Records from a collection:
══════════

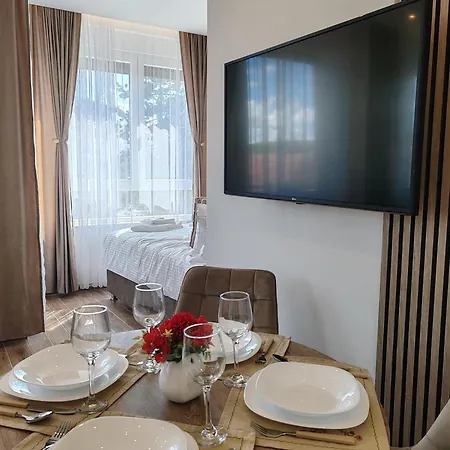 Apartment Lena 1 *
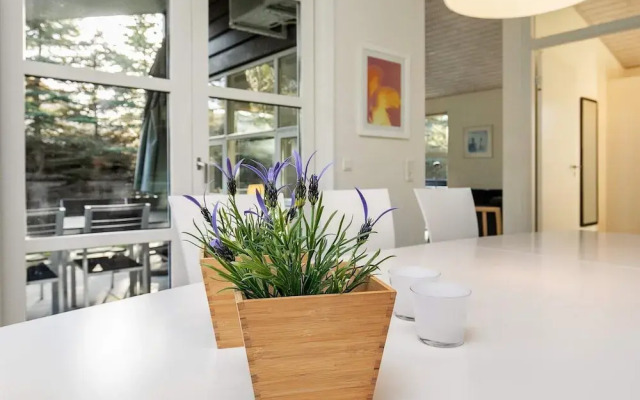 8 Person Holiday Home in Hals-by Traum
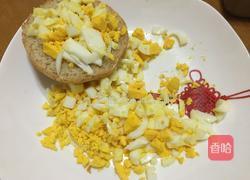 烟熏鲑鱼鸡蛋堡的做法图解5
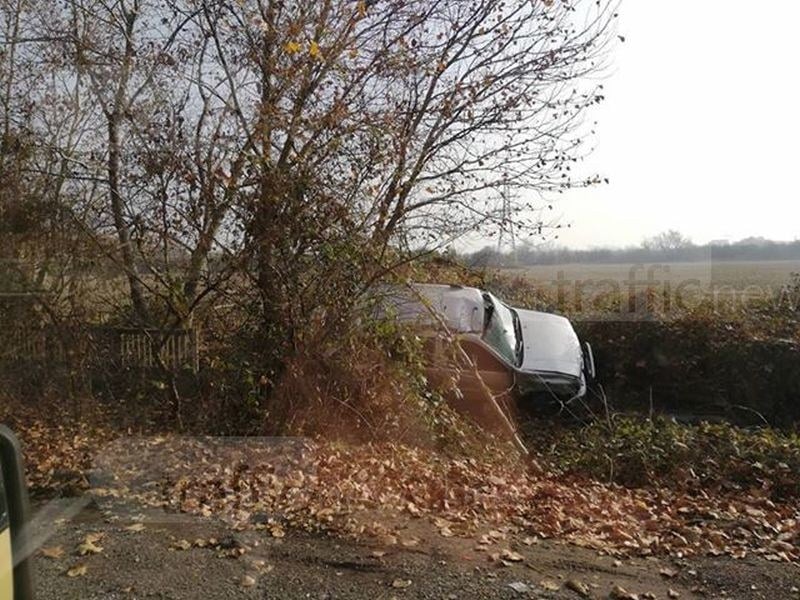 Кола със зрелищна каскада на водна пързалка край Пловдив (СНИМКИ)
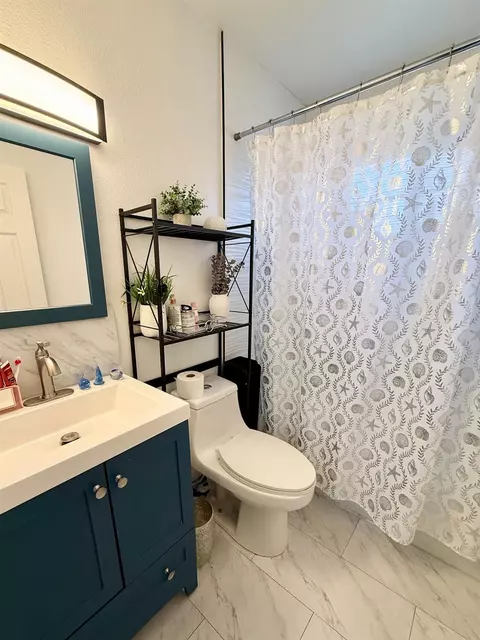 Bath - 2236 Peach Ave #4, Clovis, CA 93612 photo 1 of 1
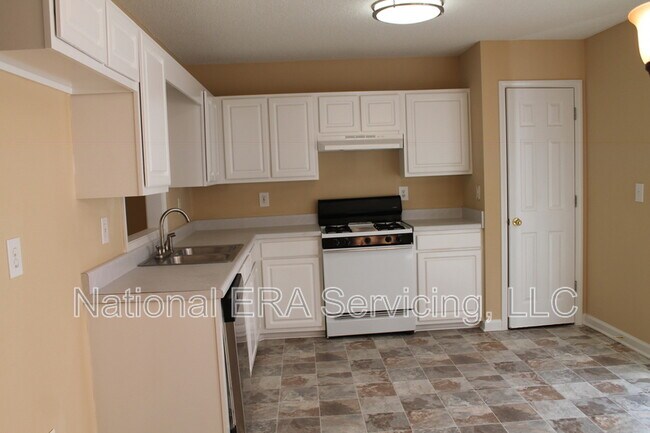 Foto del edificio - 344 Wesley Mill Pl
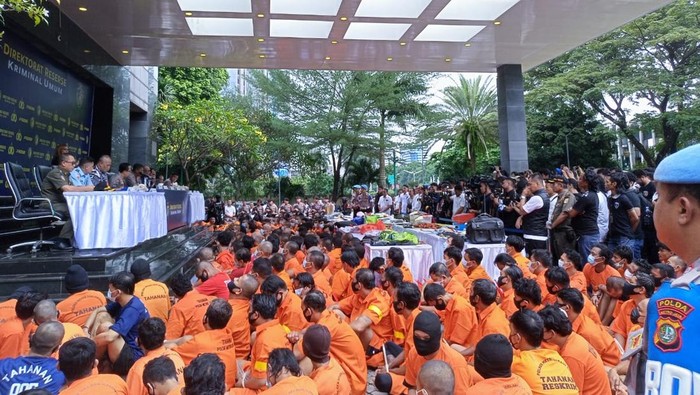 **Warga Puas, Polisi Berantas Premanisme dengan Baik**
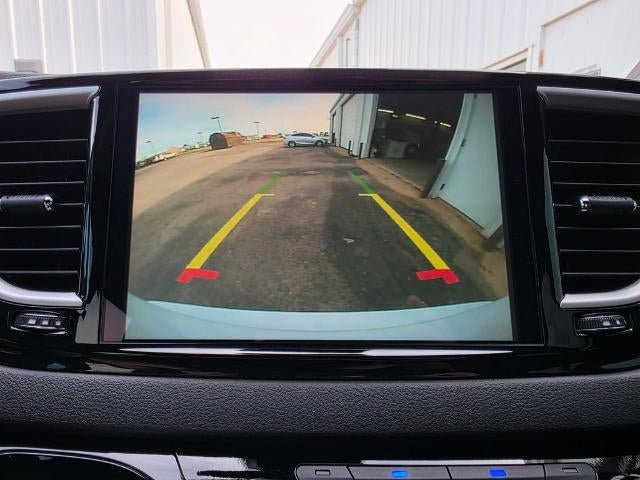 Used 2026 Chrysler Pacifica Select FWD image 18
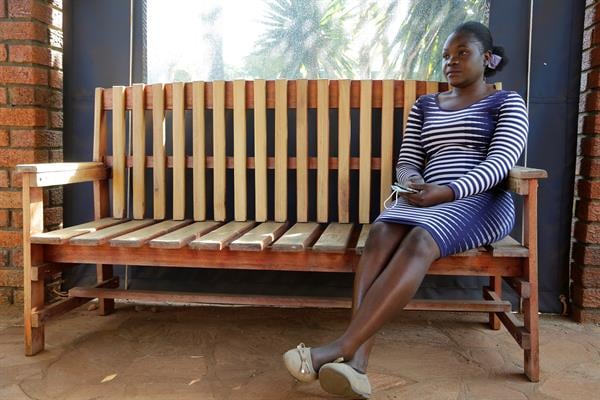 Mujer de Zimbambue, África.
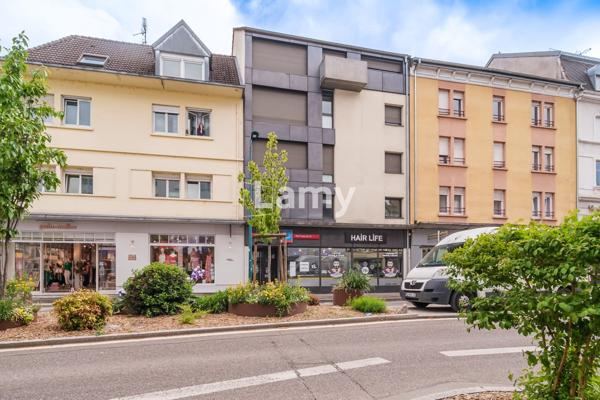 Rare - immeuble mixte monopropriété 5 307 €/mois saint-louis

══════════

*Requirement*.
Pictures are not part of the copy. Extract exactly the lines from the line containing "Кола със зрелищна" through the final line of the entries above, both included.

*Reply to the exercise*.
 Кола със зрелищна каскада на водна пързалка край Пловдив (СНИМКИ)
 Bath - 2236 Peach Ave #4, Clovis, CA 93612 photo 1 of 1
 Foto del edificio - 344 Wesley Mill Pl
 **Warga Puas, Polisi Berantas Premanisme dengan Baik**
 Used 2026 Chrysler Pacifica Select FWD image 18
 Mujer de Zimbambue, África.
 Rare - immeuble mixte monopropriété 5 307 €/mois saint-louis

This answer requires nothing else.